* TASK ITEM *
Skipping each picture, output the entries exactly as they stand below.

GIVEN RECORDS START

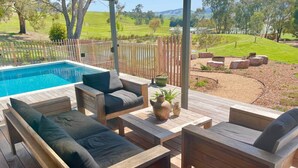 Eine Holzterrasse mit Gartenmöbeln, einem Pool und Blick auf eine grüne Landschaft.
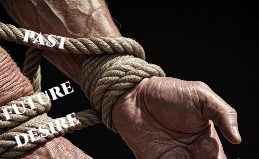 The Ropes That Bind Us: Past, Future, and Desire An evocative image depicting a muscular arm tightly bound by a thick rope. The strands are labeled 'Past,' 'Future,' and 'Desire' to symbolize the mental burdens of regret, anxiety, and attachment that are discussed in the Stoic guide to mental freedom.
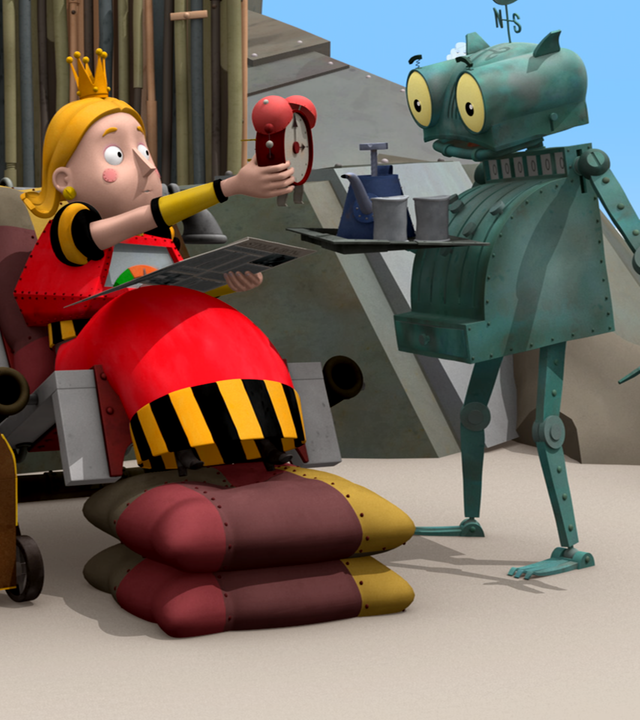 Rösti muss den Prinzessin Magnesias Diener spielen. Magnesia sitzt auf einer Liege und greift nach einem Wecker, den ihr Rösti auf einem Tablett hinhält.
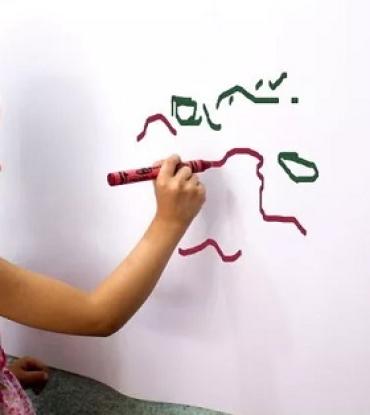 a toddler drawing on a wall with markers
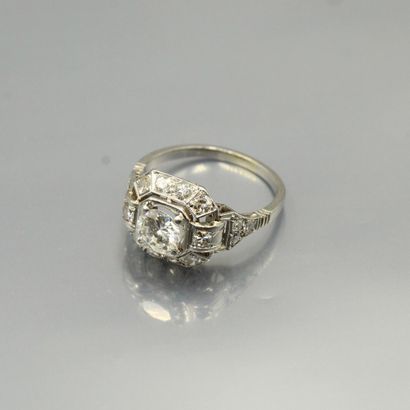 null Octagonal platinum ring set with an old-cut diamond, shouldered and surrounded...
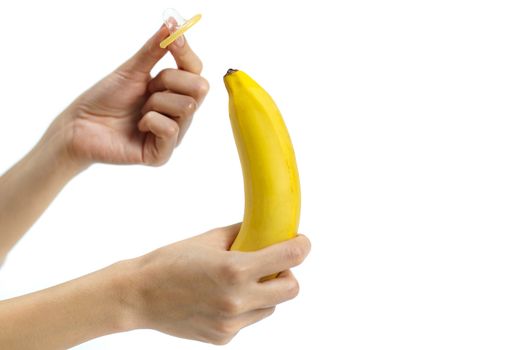 Condom on banana on white background, Safe sex concept. isolated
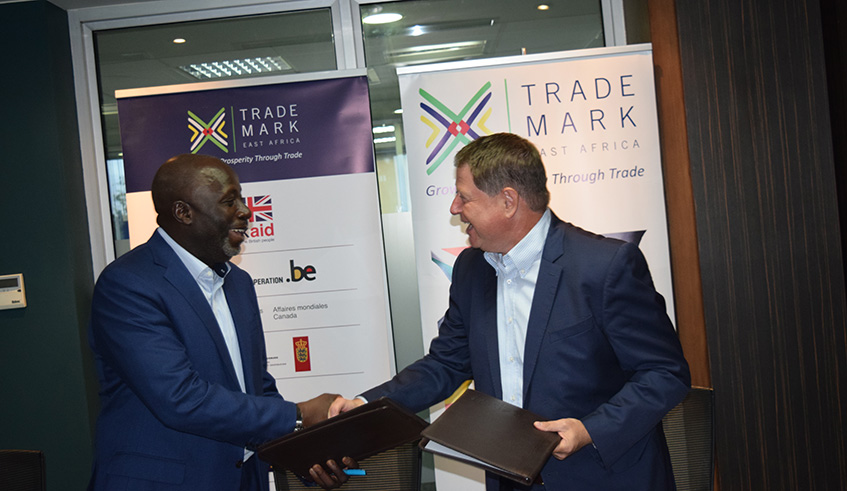 AfroChampions board chairman Ali Mufuruki, and TMEA CEO Frank Matsaert (right) following the signing of the agreement to support the CFTA process. Net. 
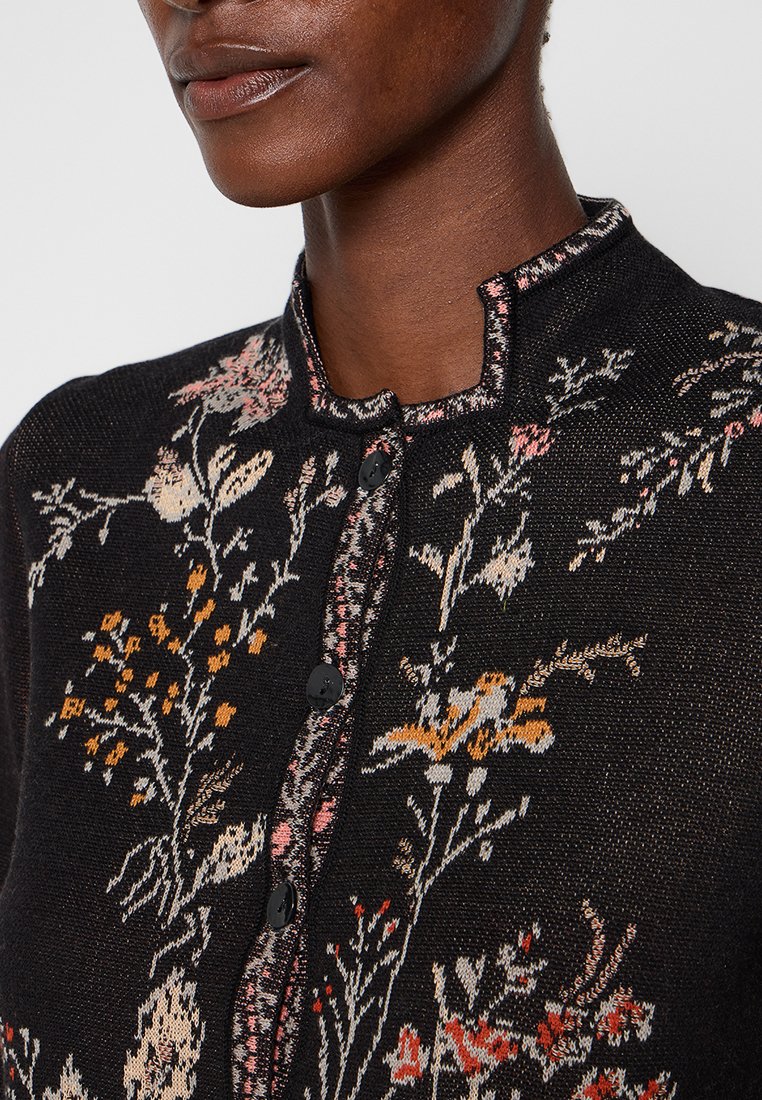Close-up van een persoon die een zwarte, knoopsluiting vest draagt met een meerkleurig gebreid bloemenpatroon en een ronde uitsnijding op de kraag.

GIVEN RECORDS END

* RESPONSE TO THE EXERCISE *
 Eine Holzterrasse mit Gartenmöbeln, einem Pool und Blick auf eine grüne Landschaft.
 The Ropes That Bind Us: Past, Future, and Desire An evocative image depicting a muscular arm tightly bound by a thick rope. The strands are labeled 'Past,' 'Future,' and 'Desire' to symbolize the mental burdens of regret, anxiety, and attachment that are discussed in the Stoic guide to mental freedom.
 Rösti muss den Prinzessin Magnesias Diener spielen. Magnesia sitzt auf einer Liege und greift nach einem Wecker, den ihr Rösti auf einem Tablett hinhält.
 a toddler drawing on a wall with markers
 null Octagonal platinum ring set with an old-cut diamond, shouldered and surrounded...
 Condom on banana on white background, Safe sex concept. isolated
 AfroChampions board chairman Ali Mufuruki, and TMEA CEO Frank Matsaert (right) following the signing of the agreement to support the CFTA process. Net. 
Close-up van een persoon die een zwarte, knoopsluiting vest draagt met een meerkleurig gebreid bloemenpatroon en een ronde uitsnijding op de kraag.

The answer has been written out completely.